I know that Methane has been detected on Mars, however there seems to be a lack of specific information about the location and concentration of the Methane. Would it be possible to pinpoint the source of the Methane with current technology (E.G. Mass Spectrometers) or is it spread enough by Martian winds to not be detectable in any specified above-average concentration? Do we simply not have the coverage using the rover? What would be an example of a previous mission where we found an unexpected gas - has there been one and what did we do?
5-hour mark update:
I have since done more research and have found the following information regarding the sample analysis on Mars I have yet to analyze the sources provided on the page, but I am in the process of reading into each of the listed sources. Attached below is a Mass Spectrometer reading of the methane found on mars from 2012 to 2014: (the Mass Spectrometer did not measured a single molecule of methane, the reported readings are from TSL, a laser Spectrometer, not a mass spectrometer)
Something that is notably lacking is
the positions of the measurements as far as I could tell (I could be entirely wrong because my understanding of this graph is low) "Sol" (the number of days elapsed on Mars) can be used to estimate position (does anyone have this conversion of the graph?).

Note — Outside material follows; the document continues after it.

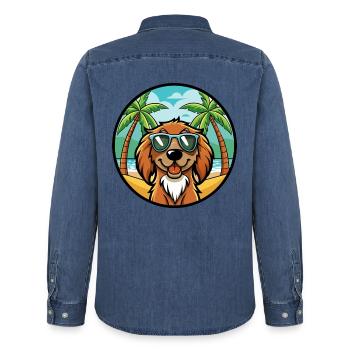Boykin Spaniel Chien Race Dessin Animé Lunettes De Soleil Plage - Chemise en denim homme bio Stanley/Stella - bleu moyen délavé  - Dos - AI Model Male 185 light (185cm)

Is there a utility that tracks Curiosity online in terms of "Sol" instead of days or an easy equation and resource that paths in days? I'm sure it's just a ratio. However, I also found this picture on the same page, stating the "theories for the Methane" but not actual scientific evidence.
Once again, still verifying sources, but this may jumpstart the answers. Please be harsh on correcting me if I use invalid diction or anything that is not relevant/scientifically accurate. I'm trying to learn as much as I can, and will take offense to nothing.